- [WHAT IS BEING ASKED]
What are the lines below, starting at the line containing "Rainbow Color BABY" and ending at the line containing "D&D Miniatures (Unpainted)"? Write them out exactly, ends included, without pictures.

- [DATA FOR PROCESSING]

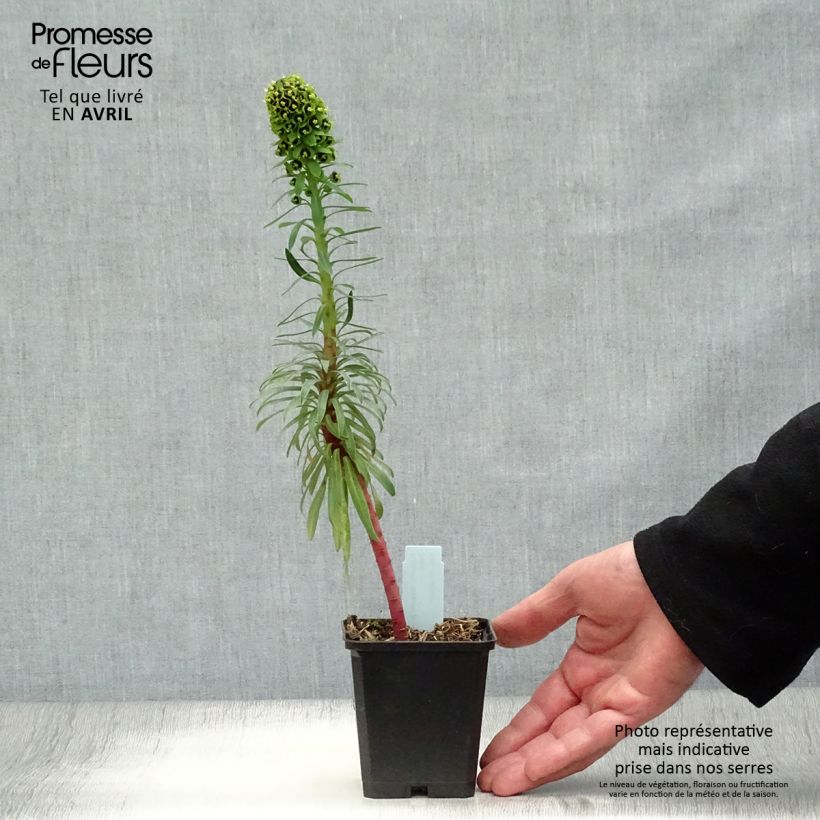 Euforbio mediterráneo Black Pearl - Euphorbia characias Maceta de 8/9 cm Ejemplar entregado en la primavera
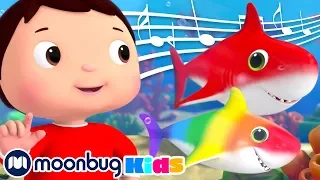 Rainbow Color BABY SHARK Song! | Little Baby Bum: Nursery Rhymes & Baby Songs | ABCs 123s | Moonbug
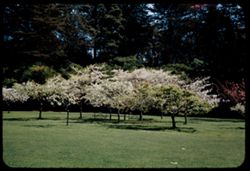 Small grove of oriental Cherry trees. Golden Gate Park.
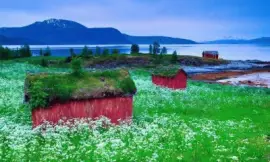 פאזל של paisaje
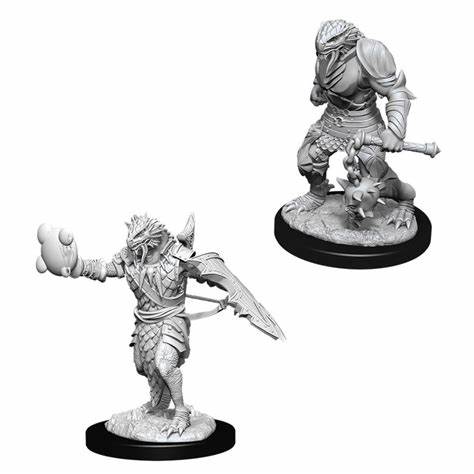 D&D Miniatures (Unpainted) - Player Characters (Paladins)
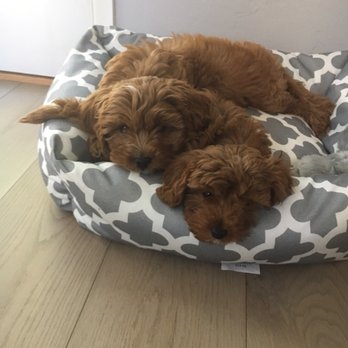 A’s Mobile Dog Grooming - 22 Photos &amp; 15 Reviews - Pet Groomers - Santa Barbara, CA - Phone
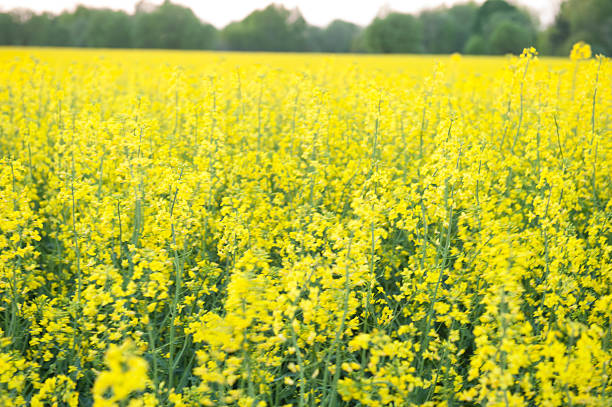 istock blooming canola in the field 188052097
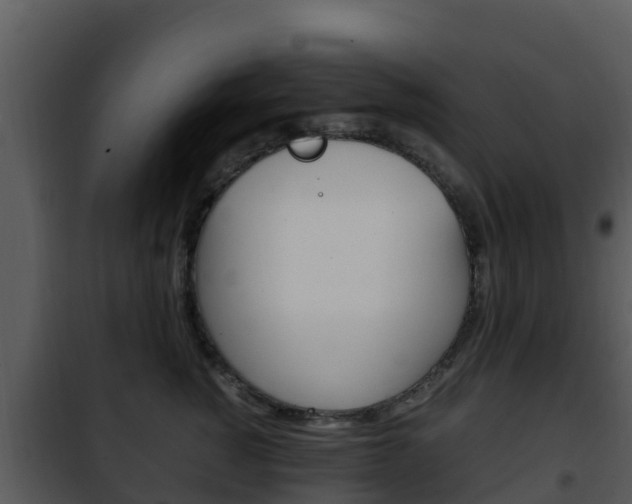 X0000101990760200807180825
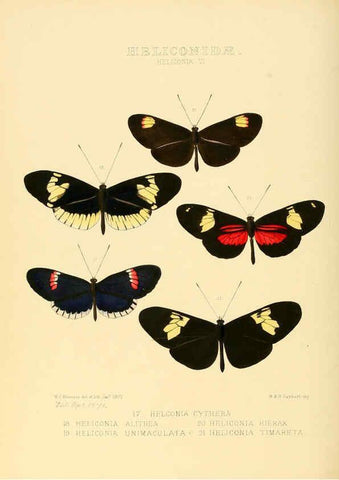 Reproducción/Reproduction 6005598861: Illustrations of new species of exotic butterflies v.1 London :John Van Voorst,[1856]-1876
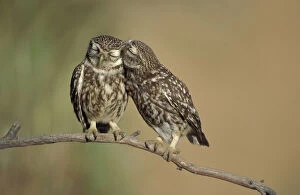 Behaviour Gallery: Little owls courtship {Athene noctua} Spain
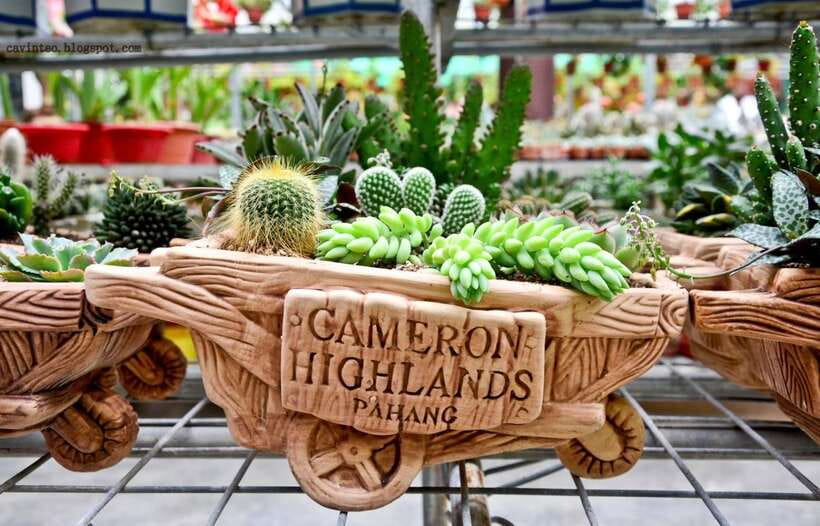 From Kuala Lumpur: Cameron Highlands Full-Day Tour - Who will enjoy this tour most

==

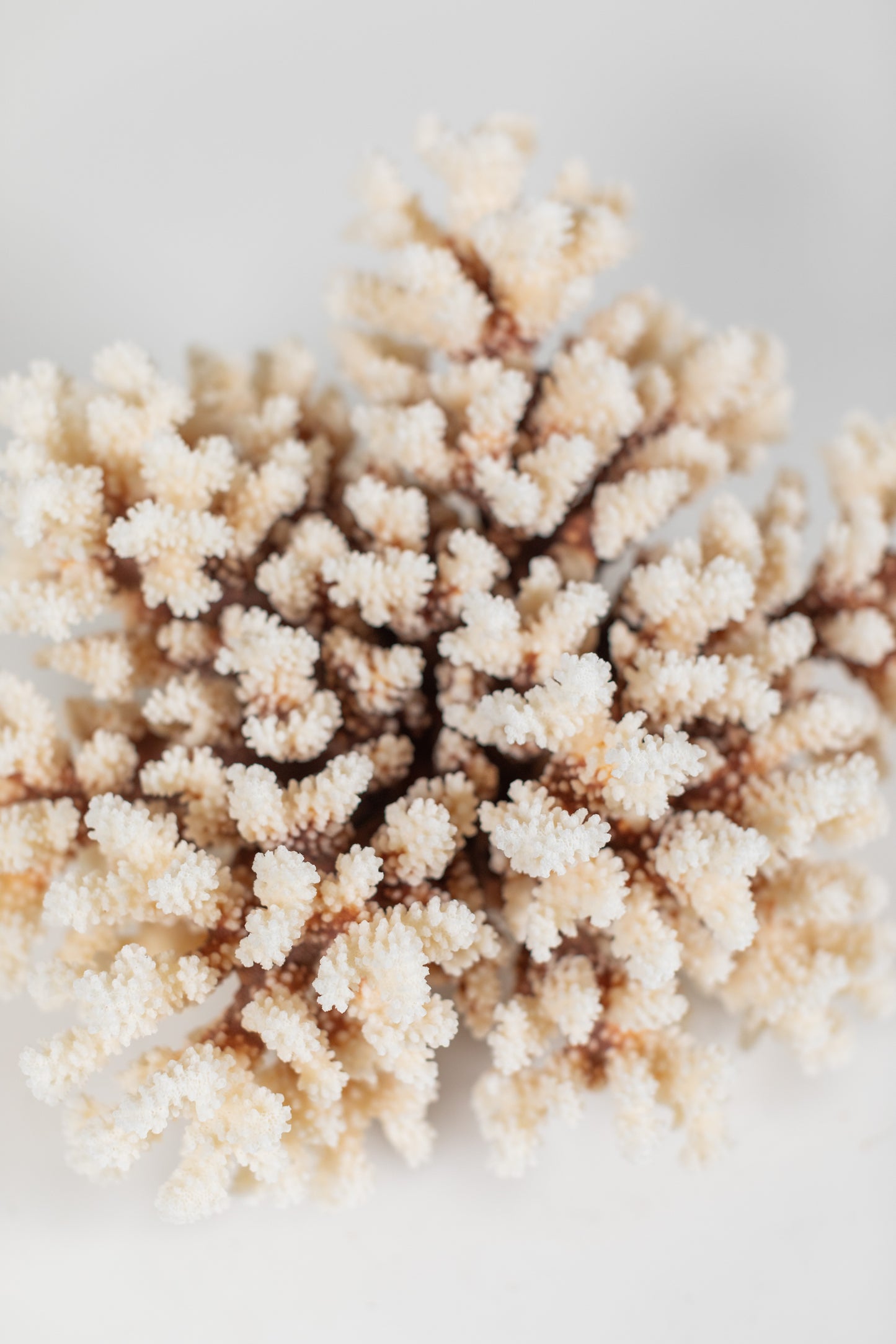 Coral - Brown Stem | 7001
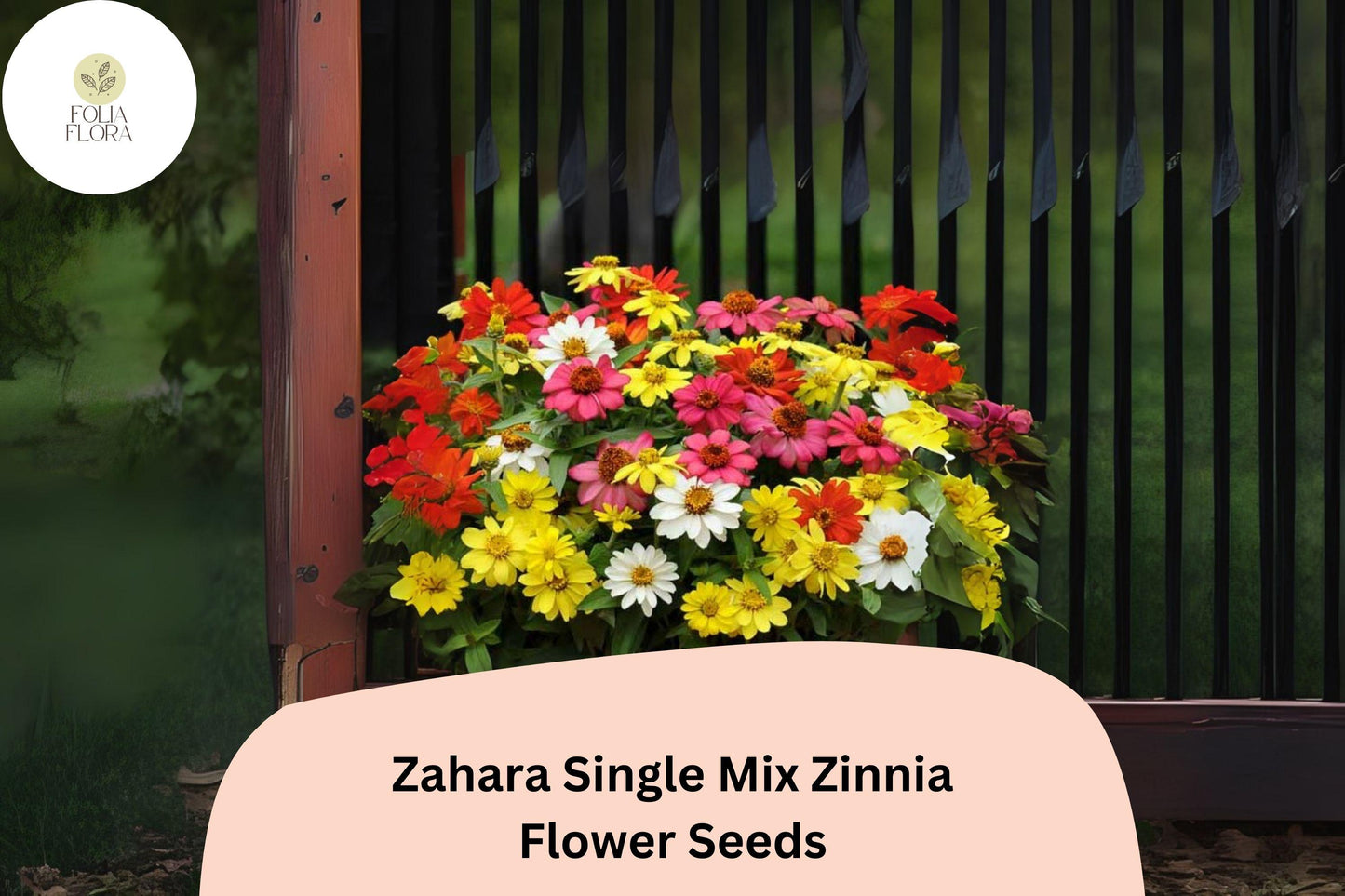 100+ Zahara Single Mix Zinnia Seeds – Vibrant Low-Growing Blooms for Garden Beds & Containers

- [RESULT OF THIS EXERCISE]
 Rainbow Color BABY SHARK Song! | Little Baby Bum: Nursery Rhymes & Baby Songs | ABCs 123s | Moonbug
 Small grove of oriental Cherry trees. Golden Gate Park.
 פאזל של paisaje
 D&D Miniatures (Unpainted) - Player Characters (Paladins)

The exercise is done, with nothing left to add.